Weiter geht’s: 30 Minuten nach Setenil de las Bodegas. Hier leben nur rund 3'000 Menschen, in den Sommermonaten aber kommen Touristen in Scharen. Heute gehören wir auch dazu, es ist einfach zu spektakulär, um es auszulassen. Apple Maps tut sich mit dem Parkplatz schwer, wir drehen ein paar Extrarunden und stehen plötzlich vor der Einfahrt einer Tiefgarage, die einfach in den Felsen gefräst wurde.

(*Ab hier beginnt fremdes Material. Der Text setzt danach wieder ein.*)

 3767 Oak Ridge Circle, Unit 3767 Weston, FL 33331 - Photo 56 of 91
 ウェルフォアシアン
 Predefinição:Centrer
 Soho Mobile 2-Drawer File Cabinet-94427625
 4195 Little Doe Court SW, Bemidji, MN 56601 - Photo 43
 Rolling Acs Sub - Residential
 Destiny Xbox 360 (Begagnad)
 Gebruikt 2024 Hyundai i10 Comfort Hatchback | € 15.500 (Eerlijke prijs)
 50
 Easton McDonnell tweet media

Setenil ist einzigartig! Das Dorf liegt in einer Schlucht, die Häuser sind direkt in den Fels hineingebaut. Teilweise dient die massive Felsdecke sogar als Dach. Wir hatten online gelesen, dass die Rückwände vieler Häuser schlicht der Fels selbst sind; krumm, feucht, unperfekt. Wahnsinn, dass so etwas überhaupt funktioniert.

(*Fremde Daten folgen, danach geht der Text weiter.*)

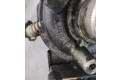 Turbodmychadlo Турбина DPQRA, 4U3Q6K682BJ Citroen C6 UHZ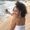 Photo of Desiree F.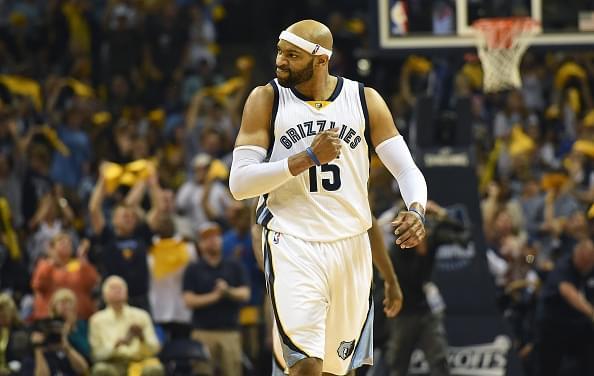 上海男篮在 上海男篮在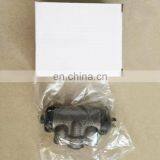 Rear Brake Wheel Cylinder MB500485 For L300 P03W thumbnail-2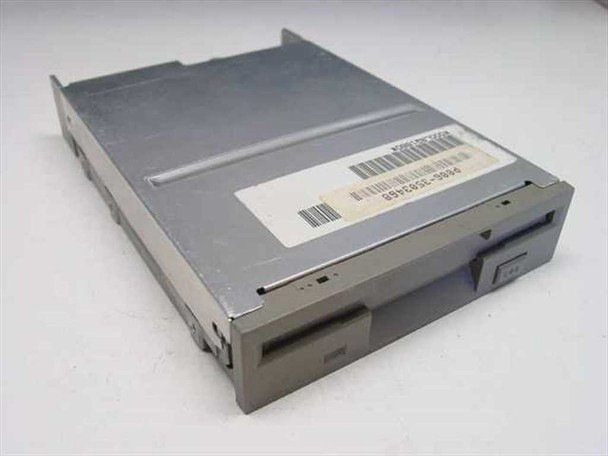 Teac 19307332-37 3.5 Floppy Drive Internal - FD-235HF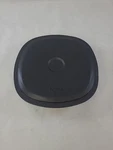 Ninja Replacement Storage Lid For 40 Oz Nutri. Fixed Price $7.87.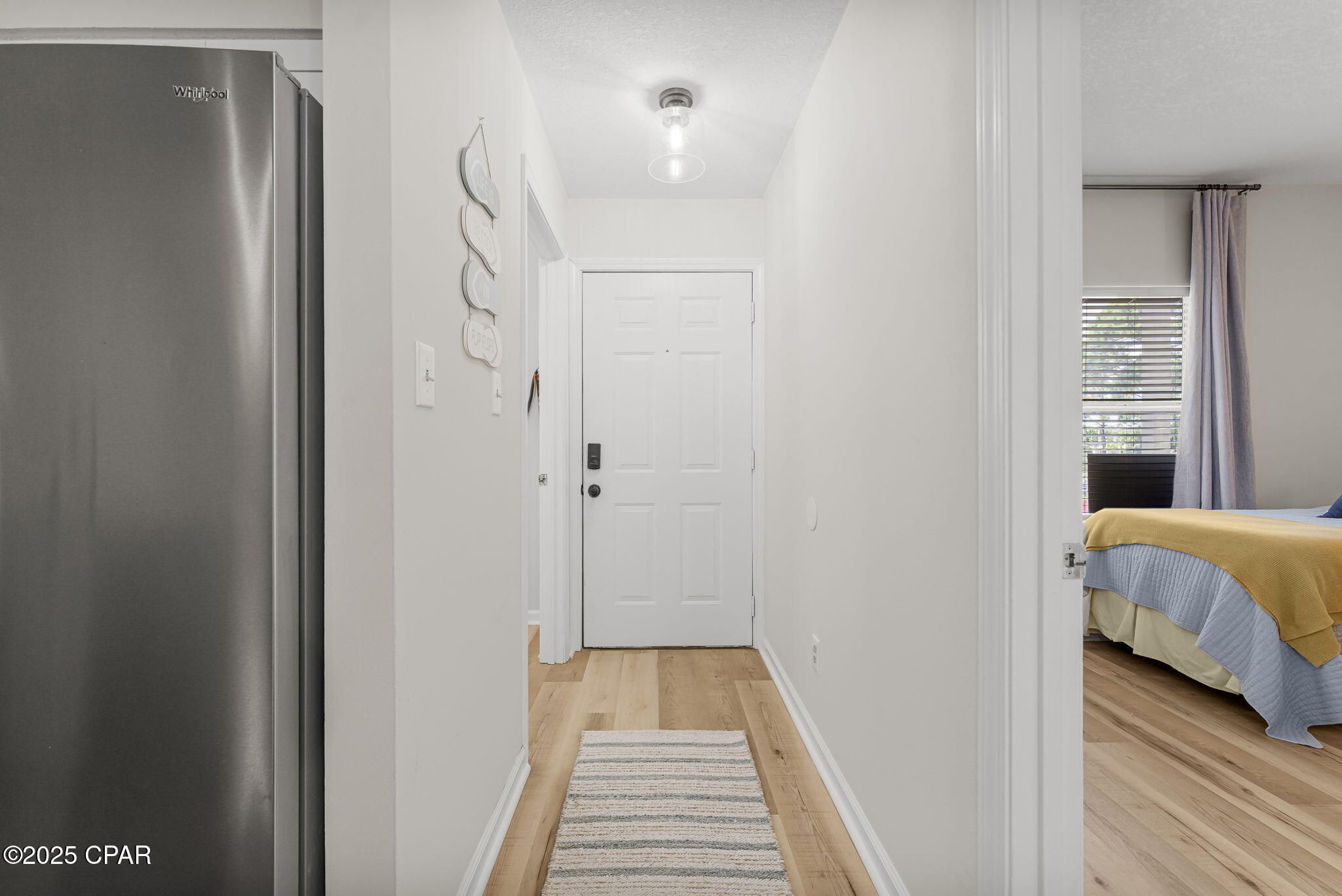 Point Of View Condominiums - Residential Lease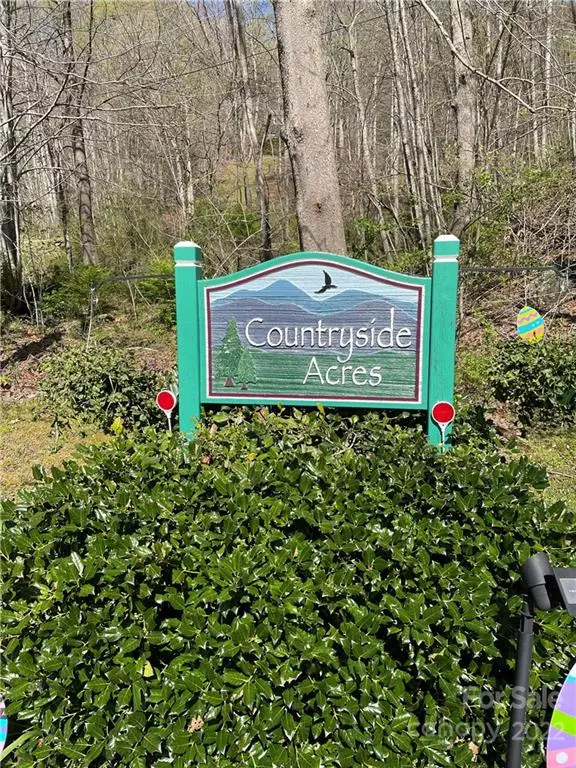 Waynesville, NC 28785,Lot 21 Fall Creek RD #21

Besonders sehenswert sind die Gassen «Cuevas del Sol» und «Cuevas de la Sombra» (Höhlen der Sonne und des Schattens). In der Sonne gibt’s die besseren Fotos, im Schatten ist es angenehmer auszuhalten. Apropos: Es sind 36 Grad! Unser täglicher Begleiter heisst «Aquarius», ein isotonischer Drink, den man an jeder Ecke bekommt. Salud! Mit neuer Energie laufen wir weiter durch die Gassen...rauf, runter, immer wieder um den nächsten Layer des Dorfes zu erkunden. Gut, dass wir wieder auf solides Schuhwerk gesetzt haben.
Auf der Rückfahrt nach Málaga sind wir beide einfach nur «gewowed». Wieder ein Tag, an dem wir aus dem Staunen nicht mehr herauskommen. Andalucía, te amamos!